Hi Alex. Always great to see someone new playing with the code! In general,
our submission process has been to put patches on Mantis and then talk to
developers about them in IRC - it's more work for us to have to search through
remote git repositories and reduces the chance that these changes will come in.
I've also made contextual comments inline.
AlexRa wrote:
Hello,
I've been playing around with the database access layer of the code, especially
the AssetData plugins
for all 3 supported databases (Sqlite, MySql, and MS SQL) and the underlying
classes, and also made
a few other changes:
[email protected]:AlexRa/opensim-mods-Alex.git
I'd like to invite the developers of the OpenSim team to review the proposed
changes
and integrate whatever looks useful into the official repository.

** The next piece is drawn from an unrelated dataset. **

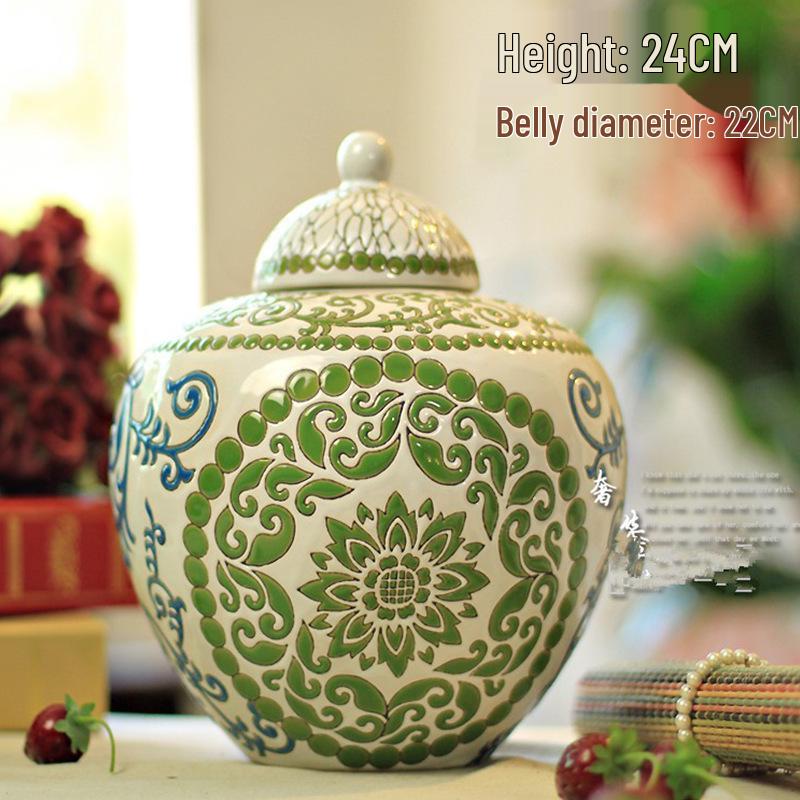 European Style Hand-Painted Ceramic Storage Jar for Living Room Décor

This repository contains the following branches that can be of interest:
The *"master"* contains all my the changes. It is branched off
r/127730 (and with the recent flow of commits I find it difficult to
continue rebasing it to keep up). There is quite a lot of stuff there,
some of it more useful than the other, so if anybody wants to look at
it I'd appreciate that, but that may be too much to ask.

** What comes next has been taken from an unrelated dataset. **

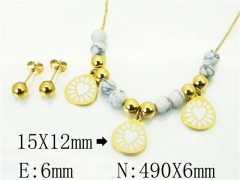 HY Wholesale Jewelry 316L Stainless Steel Earrings Necklace Jewelry Set-HY91S1405HJW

I've been trying to separate particular features and put them into separate
branches. So far, the following branches are fairly independent from
the rest of the stuff and should be easy to integrate into the primary
repo if the team decides to do so:
* The "asset-loader" branch contains a rewrite of the AssetLoader that
uses a timestamped asset to determine which of the asset files must
be loaded. This prevents the lengthy (and unnecessary) re-loading of
all predefined assets on each server start-up, but does load any
newly added assets. Status: NOT TESTED (but the logic is quite
simple, shouldn't have much problems with it(?))
Sounds good. Of course, actually testing this would be even better since
that's actually the hard part.
* The "Migrations" branch is a rewrite of the Migrations.cs to support
single-file migration histories. This way, all those endless
0xx_StoreName.sql are replaced with a single StoreName.migrations
file which is more readable and easier to maintain. The new
migration code supports stored procedures for both MySql and MS SQL.
It is also fully backward-compatible (does read the old-style
migration files as well).
This also includes update of MySql.Data.dll to 6.2.3.0, to avoi a
known problem with defining stored procs/funcs in earlier versions.
Status: TESTED and works in all modes.
I believe migrations were inspired by the Ruby on Rails way of doing things, so
it would be nice to stick to this if possible (of course, your way may be
completely compatible for all I know). In the past, the migrations have been
tidied up simply by bunching all the oldest ones up into a new 000 migration.
* The "NUnit-update" touches a lot of test-related code to make it compatible
with NUnit 2.5.5+. The main advantage is that test classes can be
made generic and parameterized. This (and the BasicDataServiceTest
class included in this branch) allows to build DBMS-independent data
tests. Some samples of such tests are available in my "master"
branch. The idea is to keep he connection strings for the test
databases in a single INI file (rather than in each test unit), and
to keep all data tests in OpenSim.Data.Tests, totally eliminating
Data.{MySql/MSSQL/SQLite}.Tests. Test sets for a specific DB are
produced just by adding another [TestFixture(...)] attribute before
the test class.
It would be very good to update nunit - just today I was looking to use the
throws assertion before realizing that it was only implemented in nunit 2.5.
It would be especially nice to see this work as patches, preferably separating
the nunit upgrades from any other new tests.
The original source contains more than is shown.